Ao longo de sua jornada, o Hubble desvelou nuances
inesperadas do universo. "O Hubble proporcionou ao homem a visão de
regiões muito, mas muito distantes da nossa própria galáxia, coisa que não
existia antes. Nem nos nossos sonhos mais delirantes conseguiríamos imaginar um
universo tão incrível e fascinante como o que o Hubble nos revelou",
salienta Antonio Gil Vicente de Brum, professor e pesquisador do curso de
Engenharia Aeroespacial da Universidade Federal do ABC (UFABC).
Além de deslumbrar os terrestres, o Hubble ampliou a
investigação sobre a origem e as características do universo. Por meio de seus
dados, cientistas determinaram que a idade do universo é de cerca de 13,7
bilhões de anos. O telescópio espacial também constatou que a expansão do
universo está em aceleração. "O Hubble permitiu a detecção de estrelas
pulsantes em outras galáxias e, através delas, a medição do fator de crescimento
do nosso universo e a determinação de distâncias a supernovas do tipo Ia, que
indicaram que nosso universo está em expansão acelerada, indicando a presença
de um componente de energia desconhecida no universo, a energia escura",
explica Telles.
O Hubble também determinou que a maioria das galáxias tem
poderosos buracos negros em seus centros, incluindo a nossa própria Via Láctea.
Ele possibilitou estudar como as galáxias, as estrelas e os sistemas
planetários se formam. Além disso, descobriu várias luas previamente
desconhecidas de Plutão e foi o primeiro telescópio a analisar a composição
química de um planeta fora do nosso Sistema Solar.
Júpiter
Fora essas, e tantas outras conquistas, Brum aponta ainda a
sequência de imagens obtidas pelo Hubble, em 1994, como uma das descobertas
mais importantes. "Fiquei de boca aberta, babando, quando assisti à
colisão do cometa Shoemaker-Levy 9 com o gigante Júpiter. Essa foi uma das
coisas mais inacreditáveis que já vi e que me ensinou muito à respeito de quão vulnerável
é a Terra e quão importante é a proteção que Júpiter nos oferece", relata.

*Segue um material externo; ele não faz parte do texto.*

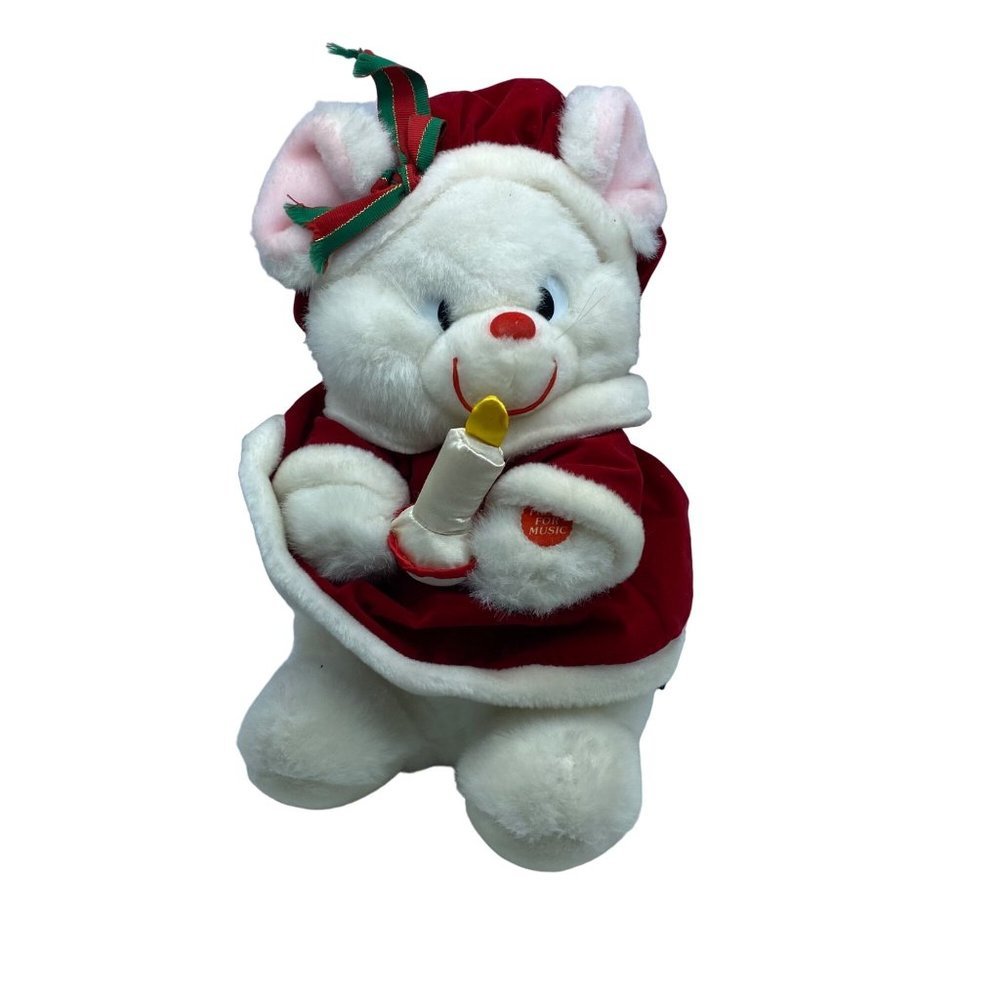 Christmas Holiday Red Dress Candle Cap Hat Mouse Stuffed Animal Plush Toy 13”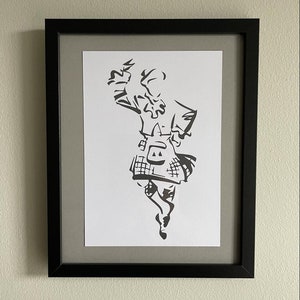 Highland Dancer, impresión artística original A5, retrato, arte mural, arte escocés en blanco y negro, regalo, tarjeta reciclada de alta calidad, decoración SIN MARCO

Além disso, o professor da UFABC destaca a popularização da
ciência como uma das principais contribuições do Hubble. "É isso que gera
um interesse crescente das pessoas por conhecimento científico genuíno e pela
ciência, em geral", pontua.
Primeiros passos
A ideia para um telescópio espacial surgiu já em 1923, a
partir do cientista alemão Hermann Oberth, considerado um dos criadores dos
foguetes. O projeto do Hubble começou a ser idealizado em 1946, após artigo do
astrofísico americano Lyman Spitzer, que apontava as vantagens de um
observatório espacial. Desse momento em diante, Spitzer trabalharia para tornar
o telescópio uma realidade.
O astrofísico esteve envolvido com os observatórios em
órbita da época e auxiliou a Nasa na aprovação do projeto do telescópio
espacial, em 1969, que teria um espelho de 3 metros de diâmetro e seria lançado
em 1979. Entretanto, devido às dificuldade de conseguir financiamento, o
tamanho do espelho foi reduzido para 2,4 metros, e um novo projeto foi
começado. Em 1975, a Agência Espacial Europeia (ESA) passou a trabalhar junto
com a Nasa. Finalmente, veio à tona o esboço do telescópio espacial Hubble.
O telescópio recebeu esse nome em homenagem ao astrônomo
americano Edwin Hubble (1889-1953), que revolucionou a astronomia ao constatar
a presença de outras galáxias e provando que o universo estava se expandindo.
Depois de alguns atrasos, o lançamento do Hubble foi agendado para outubro de
1986, mas o acidente com o ônibus espacial Challenger, que matou sete
astronautas, adiou o sonho de enviar um telescópio ao espaço por mais quatro
anos.
Assim, em 24 de abril de 1990, o Hubble foi lançado a bordo
do ônibus espacial Discovery, abrindo uma nova era da exploração do universo.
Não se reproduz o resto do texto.